The records are to be restated in their entirety, word for word.

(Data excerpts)
------------------------

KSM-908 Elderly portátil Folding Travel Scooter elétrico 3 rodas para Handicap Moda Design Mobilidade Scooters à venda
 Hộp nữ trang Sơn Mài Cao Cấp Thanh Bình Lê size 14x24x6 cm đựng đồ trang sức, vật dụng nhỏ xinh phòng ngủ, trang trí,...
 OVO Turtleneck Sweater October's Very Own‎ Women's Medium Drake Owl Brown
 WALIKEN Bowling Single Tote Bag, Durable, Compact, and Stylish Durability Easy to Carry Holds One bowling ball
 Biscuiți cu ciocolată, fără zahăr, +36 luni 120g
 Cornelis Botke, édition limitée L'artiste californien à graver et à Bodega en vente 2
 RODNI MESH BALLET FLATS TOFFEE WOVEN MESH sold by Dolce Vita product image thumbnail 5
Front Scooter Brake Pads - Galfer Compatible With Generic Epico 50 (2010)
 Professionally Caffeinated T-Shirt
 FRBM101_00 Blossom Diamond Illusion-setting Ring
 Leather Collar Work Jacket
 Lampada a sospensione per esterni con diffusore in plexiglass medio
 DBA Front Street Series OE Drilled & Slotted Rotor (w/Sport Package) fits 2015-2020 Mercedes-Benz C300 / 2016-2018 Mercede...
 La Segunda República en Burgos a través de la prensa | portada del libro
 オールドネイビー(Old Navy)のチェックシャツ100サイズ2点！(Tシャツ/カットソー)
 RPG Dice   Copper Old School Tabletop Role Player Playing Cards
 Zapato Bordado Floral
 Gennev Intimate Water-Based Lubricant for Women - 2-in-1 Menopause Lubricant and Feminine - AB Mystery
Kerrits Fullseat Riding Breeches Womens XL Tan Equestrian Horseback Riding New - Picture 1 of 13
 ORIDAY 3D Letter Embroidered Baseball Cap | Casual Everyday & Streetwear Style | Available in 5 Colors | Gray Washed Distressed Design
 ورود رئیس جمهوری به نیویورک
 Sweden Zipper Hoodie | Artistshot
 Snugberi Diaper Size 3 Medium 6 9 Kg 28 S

------------------------

### Your solution
KSM-908 Elderly portátil Folding Travel Scooter elétrico 3 rodas para Handicap Moda Design Mobilidade Scooters à venda
 Hộp nữ trang Sơn Mài Cao Cấp Thanh Bình Lê size 14x24x6 cm đựng đồ trang sức, vật dụng nhỏ xinh phòng ngủ, trang trí,...
 OVO Turtleneck Sweater October's Very Own‎ Women's Medium Drake Owl Brown
 WALIKEN Bowling Single Tote Bag, Durable, Compact, and Stylish Durability Easy to Carry Holds One bowling ball
 Biscuiți cu ciocolată, fără zahăr, +36 luni 120g
 Cornelis Botke, édition limitée L'artiste californien à graver et à Bodega en vente 2
 RODNI MESH BALLET FLATS TOFFEE WOVEN MESH sold by Dolce Vita product image thumbnail 5
Front Scooter Brake Pads - Galfer Compatible With Generic Epico 50 (2010)
 Professionally Caffeinated T-Shirt
 FRBM101_00 Blossom Diamond Illusion-setting Ring
 Leather Collar Work Jacket
 Lampada a sospensione per esterni con diffusore in plexiglass medio
 DBA Front Street Series OE Drilled & Slotted Rotor (w/Sport Package) fits 2015-2020 Mercedes-Benz C300 / 2016-2018 Mercede...
 La Segunda República en Burgos a través de la prensa | portada del libro
 オールドネイビー(Old Navy)のチェックシャツ100サイズ2点！(Tシャツ/カットソー)
 RPG Dice   Copper Old School Tabletop Role Player Playing Cards
 Zapato Bordado Floral
 Gennev Intimate Water-Based Lubricant for Women - 2-in-1 Menopause Lubricant and Feminine - AB Mystery
Kerrits Fullseat Riding Breeches Womens XL Tan Equestrian Horseback Riding New - Picture 1 of 13
 ORIDAY 3D Letter Embroidered Baseball Cap | Casual Everyday & Streetwear Style | Available in 5 Colors | Gray Washed Distressed Design
 ورود رئیس جمهوری به نیویورک
 Sweden Zipper Hoodie | Artistshot
 Snugberi Diaper Size 3 Medium 6 9 Kg 28 S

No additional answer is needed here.